I will say that some of it also has to do with Republicans in Congress deciding to "decentralize" federal agencies, and move entire agencies or bureaux out to Colorado or Kentucky or wherever. It's easier to just buy new stuff for the new place than truck the used stuff to the new place, leaving an empty space behind.
Have any of those moves actually happened? In case you haven't noticed, it's almost 3 years since the Republicans were in charge, so maybe it's time to start blaming the Democrats.
As if that matters
If you are still building your career and reading these kinds of articles, don't be lulled into thinking you can work remotely AND get ahead. If they don't see you, they don't know you, and if they don't know you, they won't promote you.
Get yourself to the office for every meeting where a customer or a superior will be in attendance.
My most recent pay test was for a 12-hour-per-week internet job for $9,500. For months, my sister’s friend has been making an average of 15,000, and she puts in about 20 hours every week. As soon as I gave it a try, I was shocked at how simple it was.
Do this instead————————————>>> https://www.dailypay7.com/
Two examples of similar waste from when I was in the Air Force, 1978 to 1987:
1) Waxing the no-wax floors: Somewhere higher in the hierarchy than even the full colonel commanding the 27th TFW at Cannon AFB, it was decided to replace all the floor tiles with no-wax tiles. Supposedly, we could just mop the floor, and it would shine when it dried. To no one’s surprise, the senior NCO’s still had details apply wax and run the floor buffers.

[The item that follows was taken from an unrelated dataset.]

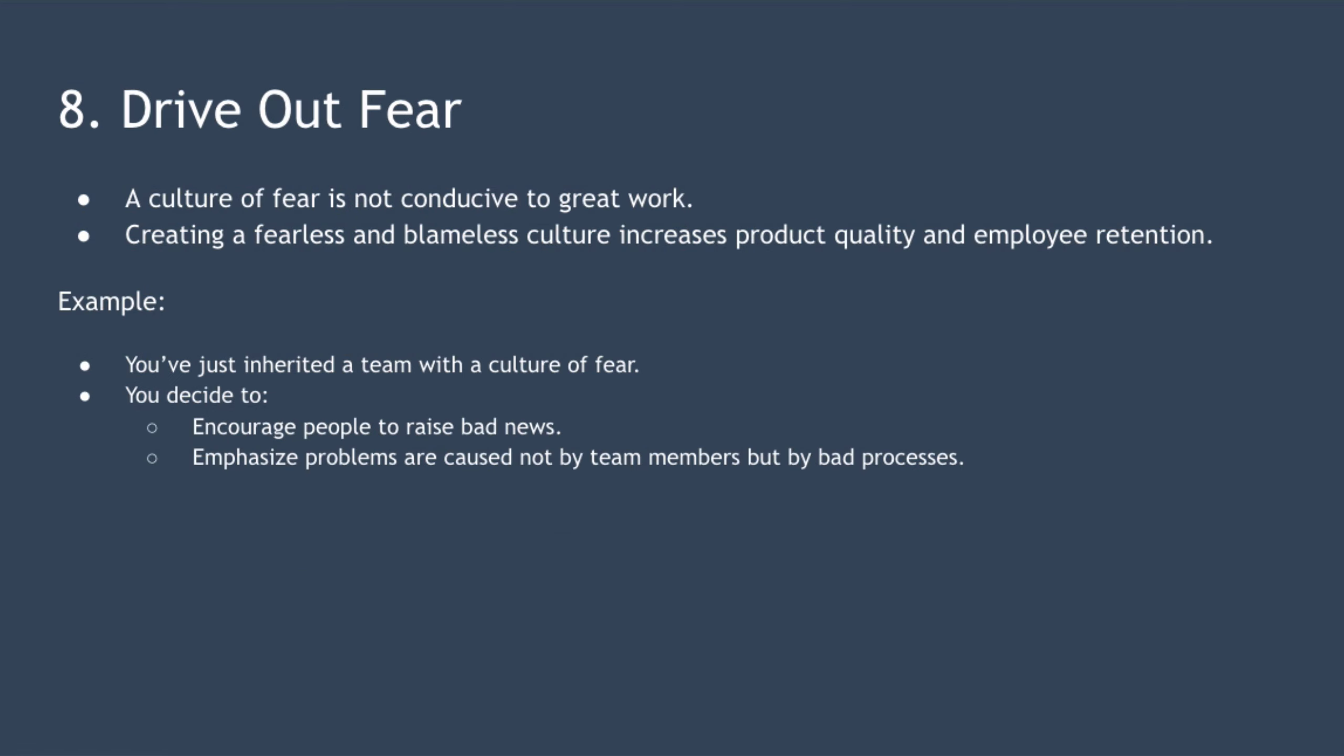Point eight is to drive out fear. The culture of fear is not conducive to great work. Employees shouldn't be scared of expressing a different opinion or scared of ridicule or relaying bad news. Creating a fearless and blameless culture will increase product quality and improve retention.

2) Replacing the test stations for aircraft that were about to be scrapped: The F-111 family of aircraft were designed with more complex avionics (flying electronics) than anything before, and the brass worried about whether the technicians could troubleshoot something that complex. So they had the on-board electronics divided into modules (boxes) that could be swapped out and worked on in the shop, and ordered automated test stations for the shops. These automated test stations were really pushing the envelope for electronic systems built in the 1960’s, and keeping the test stations running required much better technicians than were needed just for the aircraft avionics. (The Air Force switched back and forth between considering test stations and avionics modules two different specialties or one specialty, but in practice when a test station was broke everyone worked on it, and when it worked, everyone worked to get as many avionics modules as possible done before it broke again.)
The F-111D used at Cannon AFB had possibly the worst of this, because it’s avionics were an experiment in adding digital electronics on top of the analog electronics used by the earlier models, and because less than 100 of this model aircraft were delivered and only enough testers for a single shop, so the learning curve was slow.
Then in the 1980’s when the test stations were 10 to 15 years old and becoming increasingly unreliable (I think due to all the repairs that had been needed), and many parts were becoming impossible to find, the Air Force started an ambitious new project to replace all of them, at a cost of many millions. They began with the testers for the more numerous models, and replacing those, may have made sense, since many of the new ones were used for 10 years.
However, the new testers for the F-111D were only delivered around 1990, and the D’s were scrapped in 1991. That had to have been planned years before, but no one canceled the millions of dollars of new test stations that were going to be barely used.
Also, Gulf War I was starting, the war the 27th TFW had been practicing for throughout the 1980’s, but it was happening without the 27th TFW. The airplanes weren’t going anywhere but the scrapyard, and my buddies that had stayed in were not participating because they had to learn their new jobs.
I want to ask vets and new recruits alike; shouldn't a guarantee of "vets will never be homeless" be a better incentive for service than the G.I. tuition bill?